**Entries shown**.

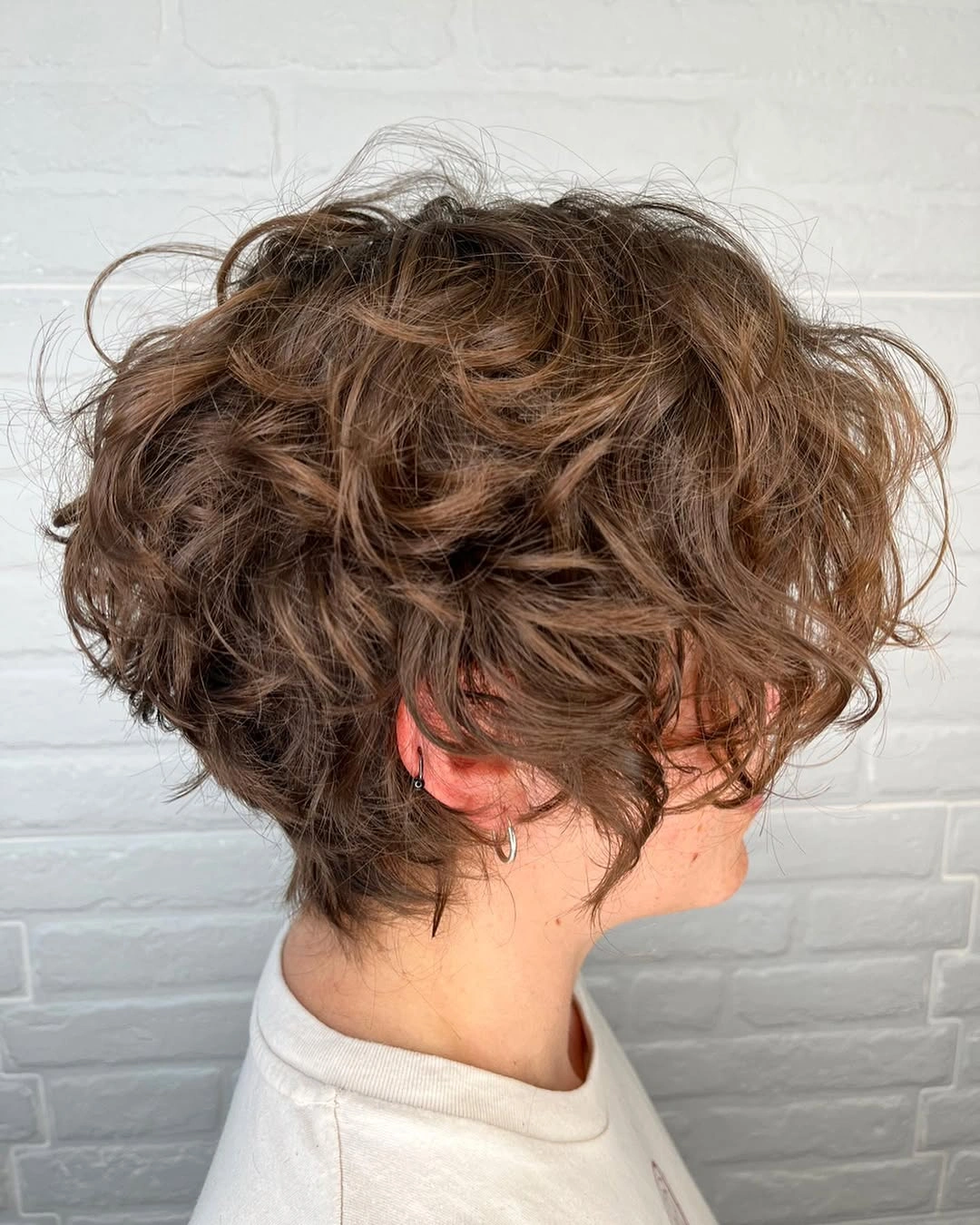 heatless curls hairstyle Textured Curly Pixie That Makes Short Hair Feel Playful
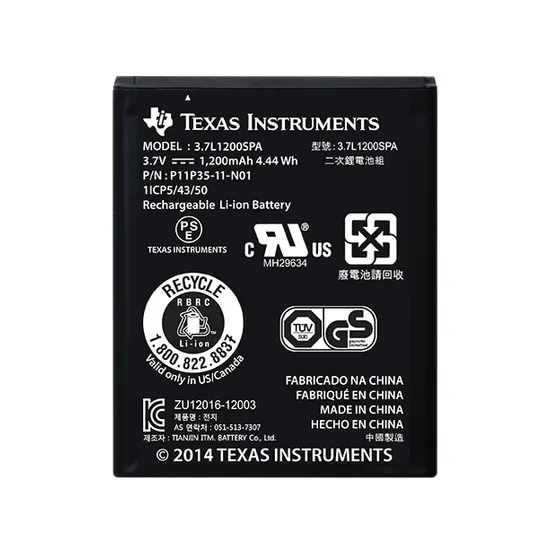 Texas Instruments Rechargable Battery - Excl Wire - Modern Teaching Aids NZ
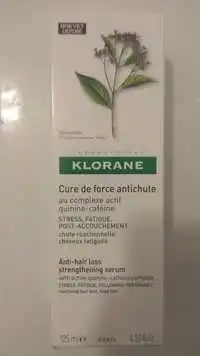 KLORANE - Cure de force antichute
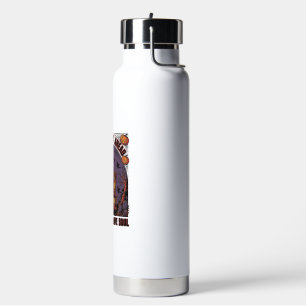 Grusel-Haus Halloween Vintage Gravur Design_1 Trinkflasche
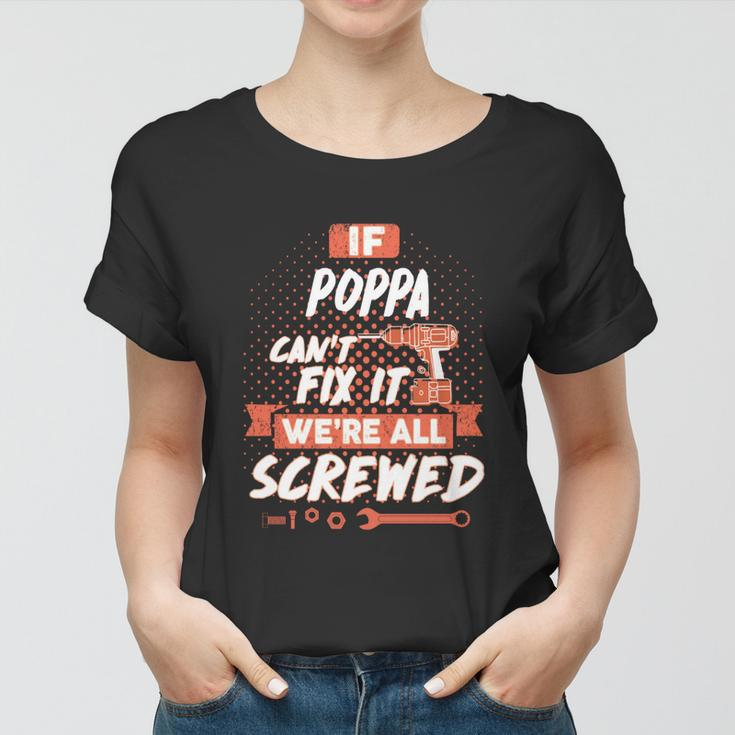 Poppa Name Poppa Family Name Crest Women T-shirt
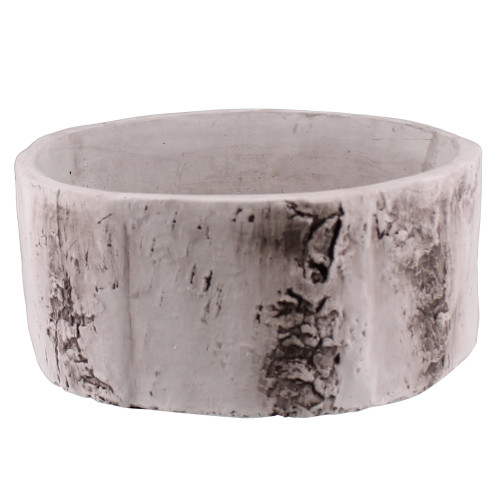 Faux Bois Birch Low Planter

**Problem**.
When copying the entries above, keep each word as it is and exclude any image.

**Reply to the task**.
 heatless curls hairstyle Textured Curly Pixie That Makes Short Hair Feel Playful
 Texas Instruments Rechargable Battery - Excl Wire - Modern Teaching Aids NZ
 KLORANE - Cure de force antichute
 Grusel-Haus Halloween Vintage Gravur Design_1 Trinkflasche
 Poppa Name Poppa Family Name Crest Women T-shirt
 Faux Bois Birch Low Planter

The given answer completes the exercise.